La pasta del sandwich resulta de la amalgama de reclutas ascendidos, veteranos de guerra y convictos de otras campañas que penan sus condenas bajo la atenta mirada del alguacil de la contrata. A duras penas se mantienen a flote en las procelosas aguas que se forman al albur de la envidia de los de su clase y condición y el desdén de "estos son los listos?" que groseramente expresa el entrecejo de los funcionarios. Entre el proletario hay pocos momentos de felicidad a la altura de la que proporciona verlos cuando el funcionario da la vuelta a su hormigonada faz y el cipayo resopla, tras haber gastado dos docenas de sus mejores sonrisas apenas premiadas con el calmante de la condescendencia. Lo pasan mal y el lumpen se alegra de ello.

Porque si hablábamos de capítulo aparte, quienes merecen un libro entero son los funcionarios que amablemente nos presta la Administración Tributaria como apoyo. Su nivel en la escala de Richter/L'Oreal "porque yo lo valgo" hace tiempo que abandonó el grado asignado a la devastación para culminar en la posición de apocalipsis. Su comportamiento sustentado en el pilar moral del "yo aprobé el examen, qué hacías tú entonces perezosa cigarra?" se desenvuelve con la altanería del mejor emperador autoproclamado en misa parisina. Todos los estereotipos del cuñadismo nacional se muestran de forma descarnada: desayunos que en tiempo que tienden a más infinito, cobijo rápido en el despacho para repasar el Whatsapp cuando más arrecian las manos levantadas y miradas perdidas de camarero que no quiere ver. Entre tanta autoestima sobredimensionada, apenas tintinean destellos de vocación docente entre la más amplia minoría de ellos, permitiendo congratularse por la subsitencia milagrosa de semejante comportamiento empático dentro de la zafia carrera evolutiva que llevamos camino de convertir al ombligo en algo más que el depósito de grasa, jabón y roña que nunca debió dejar de ser.

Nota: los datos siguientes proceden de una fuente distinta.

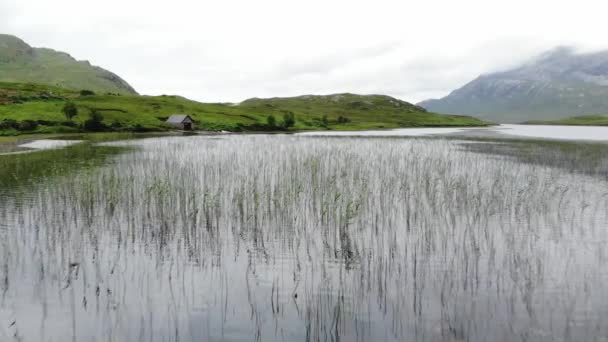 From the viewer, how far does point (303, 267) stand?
11.3 metres

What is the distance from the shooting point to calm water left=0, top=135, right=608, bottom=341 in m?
8.24

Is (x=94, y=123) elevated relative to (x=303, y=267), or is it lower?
elevated

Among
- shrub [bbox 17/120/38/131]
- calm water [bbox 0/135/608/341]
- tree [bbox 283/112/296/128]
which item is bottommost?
calm water [bbox 0/135/608/341]

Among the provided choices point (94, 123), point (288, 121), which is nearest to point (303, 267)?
point (94, 123)

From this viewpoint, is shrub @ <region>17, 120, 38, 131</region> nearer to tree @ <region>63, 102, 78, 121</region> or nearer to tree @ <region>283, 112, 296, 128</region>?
tree @ <region>63, 102, 78, 121</region>

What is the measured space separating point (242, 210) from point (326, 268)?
649cm

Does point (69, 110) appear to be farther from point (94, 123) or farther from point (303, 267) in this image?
point (303, 267)

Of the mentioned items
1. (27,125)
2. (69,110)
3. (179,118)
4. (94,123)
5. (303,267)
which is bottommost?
(303,267)

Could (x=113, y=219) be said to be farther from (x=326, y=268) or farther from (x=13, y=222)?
(x=326, y=268)

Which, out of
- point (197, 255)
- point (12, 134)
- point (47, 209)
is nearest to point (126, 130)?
point (12, 134)

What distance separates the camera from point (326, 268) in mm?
11156

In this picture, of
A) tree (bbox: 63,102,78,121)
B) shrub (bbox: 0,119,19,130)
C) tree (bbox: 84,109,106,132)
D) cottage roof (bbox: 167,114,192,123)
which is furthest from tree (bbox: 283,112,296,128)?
shrub (bbox: 0,119,19,130)

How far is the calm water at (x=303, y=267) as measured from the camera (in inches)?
324

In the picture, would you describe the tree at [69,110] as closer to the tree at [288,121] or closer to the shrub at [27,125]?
the shrub at [27,125] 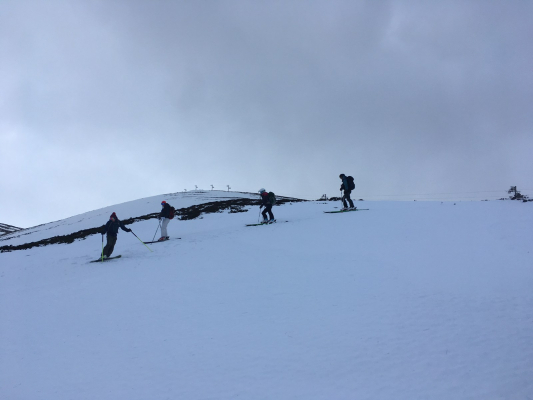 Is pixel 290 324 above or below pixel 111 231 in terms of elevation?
below

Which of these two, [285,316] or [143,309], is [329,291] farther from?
[143,309]

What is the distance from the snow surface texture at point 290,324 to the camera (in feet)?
16.8

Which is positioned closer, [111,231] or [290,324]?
[290,324]

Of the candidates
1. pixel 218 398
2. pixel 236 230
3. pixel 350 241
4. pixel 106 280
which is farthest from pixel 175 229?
pixel 218 398

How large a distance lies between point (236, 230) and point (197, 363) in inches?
564

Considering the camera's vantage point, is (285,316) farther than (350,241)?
No

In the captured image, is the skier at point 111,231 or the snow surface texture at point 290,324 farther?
the skier at point 111,231

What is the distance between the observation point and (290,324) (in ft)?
22.9

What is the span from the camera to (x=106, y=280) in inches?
443

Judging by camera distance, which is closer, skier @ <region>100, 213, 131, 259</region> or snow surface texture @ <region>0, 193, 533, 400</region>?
snow surface texture @ <region>0, 193, 533, 400</region>

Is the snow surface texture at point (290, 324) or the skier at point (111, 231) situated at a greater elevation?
the skier at point (111, 231)

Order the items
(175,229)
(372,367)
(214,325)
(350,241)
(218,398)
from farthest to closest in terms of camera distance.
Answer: (175,229)
(350,241)
(214,325)
(372,367)
(218,398)

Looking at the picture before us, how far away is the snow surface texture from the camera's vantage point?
16.8 ft

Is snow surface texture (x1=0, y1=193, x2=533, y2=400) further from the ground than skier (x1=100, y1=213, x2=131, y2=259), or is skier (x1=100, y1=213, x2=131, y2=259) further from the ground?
skier (x1=100, y1=213, x2=131, y2=259) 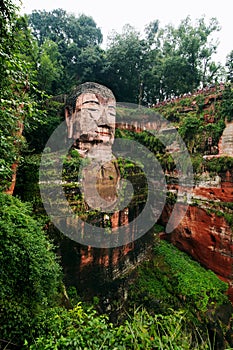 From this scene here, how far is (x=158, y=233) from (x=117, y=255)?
503cm

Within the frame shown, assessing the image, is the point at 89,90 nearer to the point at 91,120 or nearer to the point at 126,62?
the point at 91,120

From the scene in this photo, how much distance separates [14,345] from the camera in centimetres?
273

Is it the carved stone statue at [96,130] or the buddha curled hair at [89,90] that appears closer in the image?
the carved stone statue at [96,130]

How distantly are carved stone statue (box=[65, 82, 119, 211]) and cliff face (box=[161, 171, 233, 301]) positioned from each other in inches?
207

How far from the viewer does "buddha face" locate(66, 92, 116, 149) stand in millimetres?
8367

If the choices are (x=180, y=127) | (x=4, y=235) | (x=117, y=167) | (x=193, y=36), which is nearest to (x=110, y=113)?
(x=117, y=167)

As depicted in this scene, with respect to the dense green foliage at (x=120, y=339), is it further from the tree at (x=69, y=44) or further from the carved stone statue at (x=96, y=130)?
the tree at (x=69, y=44)

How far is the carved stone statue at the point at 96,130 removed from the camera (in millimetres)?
7555

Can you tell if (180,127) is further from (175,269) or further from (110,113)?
(175,269)

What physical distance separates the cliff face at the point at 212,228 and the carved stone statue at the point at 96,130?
525cm

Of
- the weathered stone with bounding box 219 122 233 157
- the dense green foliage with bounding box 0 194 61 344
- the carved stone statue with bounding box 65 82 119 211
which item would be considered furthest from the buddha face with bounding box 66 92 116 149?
the weathered stone with bounding box 219 122 233 157

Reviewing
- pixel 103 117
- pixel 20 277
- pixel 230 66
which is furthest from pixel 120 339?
pixel 230 66

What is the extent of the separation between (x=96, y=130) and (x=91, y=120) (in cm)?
50

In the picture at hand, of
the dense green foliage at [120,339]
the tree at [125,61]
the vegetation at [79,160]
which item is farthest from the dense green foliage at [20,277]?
the tree at [125,61] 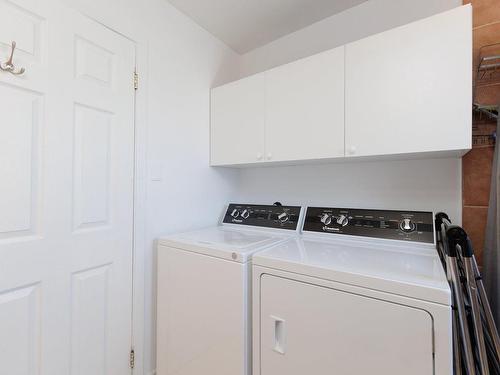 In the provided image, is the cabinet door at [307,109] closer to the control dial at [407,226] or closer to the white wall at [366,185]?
the white wall at [366,185]

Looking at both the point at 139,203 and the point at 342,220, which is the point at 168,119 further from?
the point at 342,220

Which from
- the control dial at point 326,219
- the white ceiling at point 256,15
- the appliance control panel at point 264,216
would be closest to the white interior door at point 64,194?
the white ceiling at point 256,15

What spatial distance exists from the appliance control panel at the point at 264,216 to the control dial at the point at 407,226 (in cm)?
64

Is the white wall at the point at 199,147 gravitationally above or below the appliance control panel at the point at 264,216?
above

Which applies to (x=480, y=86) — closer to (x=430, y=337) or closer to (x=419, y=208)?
(x=419, y=208)

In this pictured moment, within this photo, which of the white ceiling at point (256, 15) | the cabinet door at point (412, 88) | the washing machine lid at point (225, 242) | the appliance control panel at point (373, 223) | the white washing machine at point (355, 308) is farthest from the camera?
the white ceiling at point (256, 15)

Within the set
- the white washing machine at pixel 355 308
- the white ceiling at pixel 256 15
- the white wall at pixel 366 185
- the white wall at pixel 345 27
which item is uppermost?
the white ceiling at pixel 256 15

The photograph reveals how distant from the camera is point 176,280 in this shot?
1.50 m

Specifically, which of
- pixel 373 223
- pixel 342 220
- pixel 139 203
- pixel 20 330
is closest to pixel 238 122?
pixel 139 203

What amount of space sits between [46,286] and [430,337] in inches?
62.5

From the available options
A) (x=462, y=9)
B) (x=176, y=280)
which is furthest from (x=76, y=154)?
(x=462, y=9)

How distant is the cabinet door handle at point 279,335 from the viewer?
3.68 feet

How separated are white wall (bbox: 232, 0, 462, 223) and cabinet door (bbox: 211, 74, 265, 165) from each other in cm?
39

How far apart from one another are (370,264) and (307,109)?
3.20 feet
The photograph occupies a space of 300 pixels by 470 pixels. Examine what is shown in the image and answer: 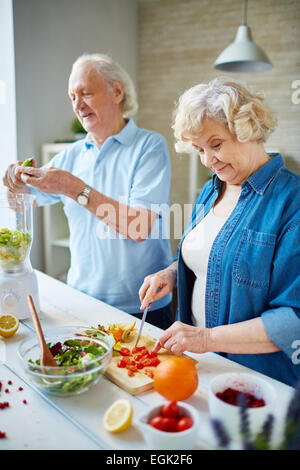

Tras la cristalera, en un ecosistema de Olimpo del todo inmerecido, juegan sus partidas de naipes los curritos de la contrata. Haciendo como que hacen y aprovechando para afilar el mandoble los días que no andan ocupados en eliminar los restos del último uso. Colmados de deidad, repletos de ignorancia, las redacciones de sus notas informativas es seguro que no pasarían la célebre reválida de primaria, sus modos y formas de gestionar los ceses pondrían los pelos de punta en la escuela de management del más cutre CCC y el insolente manejo de su poder empataría sin dificultad ante el despotismo más trasnochado del sátrapa bananero.

Así y todo, cuando el barquero Caronte amablemente te invita a abandonar esta orilla, que ya es la equivocada, inevitablemente resurge un regusto amargo como corresponde al penúltimo paso de este twist of fate

P.S. Otra vez el arquitecto de canciones pasado por el turmix de la distorsión y el desenfreno del metrónomo.